- Born: 9 November 1957 (age 68)
- Other names: J. O. Y. Mante
- Education: Claremont Graduate University (M.A., MPhil, Ph.D.);
- Occupations: Presbyterian minister Theologian Lecturer
- Spouse: Florence Mante
- Church: Presbyterian Church of Ghana
- Ordained: 1981
- Offices held: Moderator of the General Assembly, Presbyterian Church of Ghana (2018 - 2024)

= Joseph Obiri Yeboah Mante =

Ghanaian theologian and Presbyterian minister

Joseph Obiri Yeboah Mante also known as J.O.Y. Mante (born 9 November 1957) is a Ghanaian theologian and Presbyterian minister who currently serves as the 18th Moderator of the General Assembly of the Presbyterian Church of Ghana (PCG), equivalent to the chief executive officer or managing director of the national church organisation. Prior to his appointment as moderator he served as the President of the Trinity Theological Seminary, Legon for 7 years. In August 2018, Joseph Obiri Yeboah Mante was elected the new Moderator of the General Assembly of the Presbyterian Church of Ghana (PCG), to succeed Cephas Narh Omenyo, the then incumbent, who had been ill for over a year and the General Assembly had to take a decision to declare the moderator seat vacant to allow new leadership.

== Early life and education ==
J. O Y. Mante was born on 9 November 1957. He is a native of Larteh Akuapem in the Eastern Region of Ghana and Kokofu in the Ashanti Region of Ghana. He holds a Master of Arts degree in Theology, a Master of Philosophy degree in Philosophy of Religion and Doctor of Philosophy (PhD) in Systematic Theology all from the Claremont Graduate University, Claremont, California in USA.

== Academia ==
Mante served as an Adjunct lecturer at the Department for the Study of Religions at University of Ghana. He lectured at the Trinity Theological Seminary, Legon for more than 24 years, serving as the Academic Dean of the Seminary for 9 years before serving as the President of the Trinity Theological Seminary Legon for 7 years from September 2011 to 1 August 2018. in 2017, whilst serving as President of the seminary he questioned the removal of Moral Education from the school curriculum and attributed the unruly behaviour of students on campuses to that decision. He has served on several boards and councils of higher education and ministry, including Chairman of the Governing Council of Presbyterian College of Education, Akropong (2006-2014), Chairman of the Governing Council of Presbyterian Women’s College of Education, Aburi (2008-2015) and a member of the Governing Council of the Presbyterian University College (2007-2013).

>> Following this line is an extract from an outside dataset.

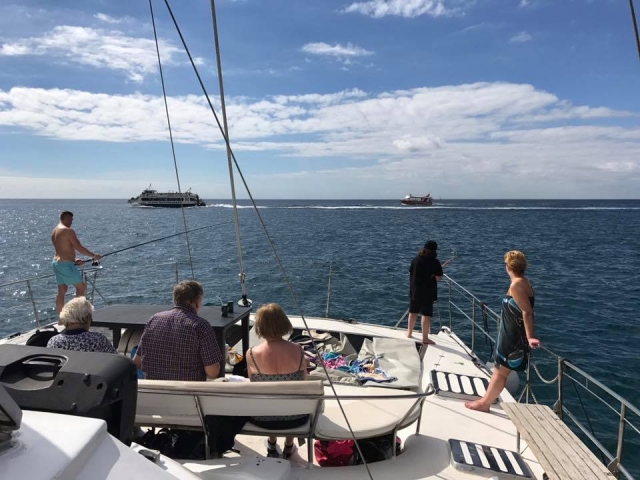 e-19741166-navegando-junto-a-otros-barcos14978721687124.jpg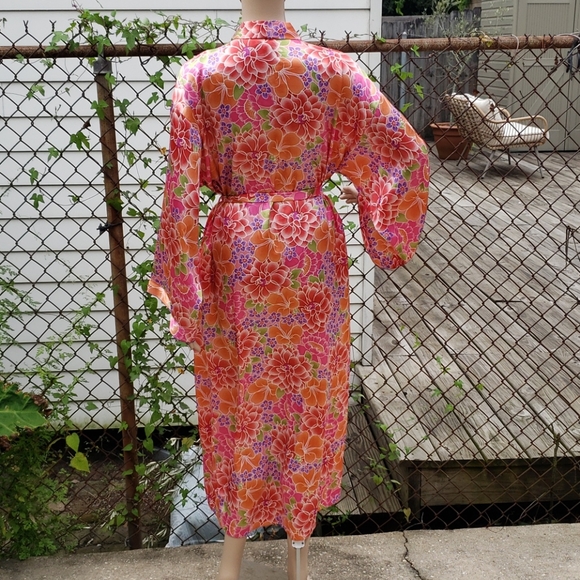 Large Cruz Floral Design Robe - Picture 4 of 5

Mante was a member of Ghana's National Accreditation Board and served on several of the board's committees including Accreditation Committee, Quality Assurance Committee, Institutional Visits Committee, Administration Committee, and Finance Committee. He chairs the Ethics in Research Committee of the University of Ghana, a position he has held since 2013. He is a member of the American Academy of Religion, British Ethics Society, Society for the Study of Theology, and the editorial board of the Trinity Journal of Church and Society.

== Ministry ==
Mante was ordained as a minister of the Presbyterian Church of Ghana in 1981 and has since served the church in different capacities. He has served as resident minister in different places within PCG both in Ghana and outside Ghana, including Ramseyer Memorial Presbyterian Church, Adum, Kumasi, District Pastor in Obuasi, Claremount - California, Fontana - California, Trinity United Church Legon, Atomic Hills Congregation, Accra and the Faith Congregation at Shiashie in Accra.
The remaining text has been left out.